Wed Oct 21 10:28:58 CDT 2015

On 21/10/15 10:56 AM, Barry Smith wrote:
>
>    I similarly saw the same behavior in the debugger that you reported and was mystified.
>    This is why I called it a nasty bug. The setting of different nonew flag meant that one process called the Allreduce() at the end of MatAssemblyEnd_MPIAIJ()
>
> if ((!mat->was_assembled && mode == MAT_FINAL_ASSEMBLY) || !((Mat_SeqAIJ*)(aij->A->data))->nonew) {
>      PetscObjectState state = aij->A->nonzerostate + aij->B->nonzerostate;
>      ierr = MPI_Allreduce(&state,&mat->nonzerostate,1,MPIU_INT64,MPI_SUM,PetscObjectComm((PetscObject)mat));CHKERRQ(ierr);
>    }
>
> but the other process skipped this call. Thus the other process got to the MPI_Allreduce() in PetscValidLogicalCollectiveEnum() and exchanged data between the two MPI_Allreduce() that serve very different purposes.
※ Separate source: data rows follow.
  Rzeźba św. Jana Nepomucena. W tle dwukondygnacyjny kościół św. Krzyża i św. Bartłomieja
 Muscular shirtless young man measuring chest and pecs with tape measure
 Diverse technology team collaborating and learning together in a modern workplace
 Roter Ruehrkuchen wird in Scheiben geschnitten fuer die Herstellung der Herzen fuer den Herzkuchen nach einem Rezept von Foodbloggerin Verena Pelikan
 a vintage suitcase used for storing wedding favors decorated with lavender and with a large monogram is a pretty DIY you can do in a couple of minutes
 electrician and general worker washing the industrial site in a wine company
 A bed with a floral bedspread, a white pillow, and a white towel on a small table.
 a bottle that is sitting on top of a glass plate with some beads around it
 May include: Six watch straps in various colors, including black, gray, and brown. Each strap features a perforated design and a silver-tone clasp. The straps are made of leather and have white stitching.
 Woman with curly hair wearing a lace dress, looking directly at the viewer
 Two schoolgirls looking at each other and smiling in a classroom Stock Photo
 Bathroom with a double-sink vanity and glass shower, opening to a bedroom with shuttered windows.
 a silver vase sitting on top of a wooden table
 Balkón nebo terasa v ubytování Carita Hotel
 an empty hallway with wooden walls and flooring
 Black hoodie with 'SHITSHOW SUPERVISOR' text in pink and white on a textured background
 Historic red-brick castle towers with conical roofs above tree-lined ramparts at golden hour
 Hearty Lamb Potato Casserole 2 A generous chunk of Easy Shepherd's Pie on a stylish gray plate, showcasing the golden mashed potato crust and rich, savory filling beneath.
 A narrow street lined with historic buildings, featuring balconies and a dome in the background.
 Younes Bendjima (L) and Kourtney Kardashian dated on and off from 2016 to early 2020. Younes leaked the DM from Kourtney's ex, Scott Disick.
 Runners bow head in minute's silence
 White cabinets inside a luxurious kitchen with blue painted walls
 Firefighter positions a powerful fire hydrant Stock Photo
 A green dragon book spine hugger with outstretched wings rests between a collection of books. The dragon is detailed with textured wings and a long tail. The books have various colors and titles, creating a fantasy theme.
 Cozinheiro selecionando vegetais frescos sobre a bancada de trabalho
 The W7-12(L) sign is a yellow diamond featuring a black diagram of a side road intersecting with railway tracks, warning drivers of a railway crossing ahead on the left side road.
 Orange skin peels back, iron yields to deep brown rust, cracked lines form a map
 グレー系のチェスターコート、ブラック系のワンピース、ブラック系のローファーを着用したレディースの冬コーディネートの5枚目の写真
Since MPI_Allreduce() doesn't have any concept of tags if one process skips an Allreduce call then the next Allreduce call gets matched with it.

ok!  I understand now...

then, would wrapping (in debug mode), these calls with MPI_Barrier 
before/after, would have prevented to mislead the debugging person?  In 
our code, we do control that all processes make the same collective mpi 
calls with a kind-of barrier (in debug mode) which communicates the line 
number and the file name (transformed into a int value) so that a 
process is blocked at the first wrongly matched mpi call...

>
>    The way I finally found the bug was to put a break point in MPI_Allreduce() and run the program until the two processes were calling Allreduce() from different places.

okay...wow... you modified the mpi code?  I was asking myself if there 
is a runtime or compilation option for openmpi/mpich to do this for all 
relevant collective mpi calls?

Anyway, thanks again!

Eric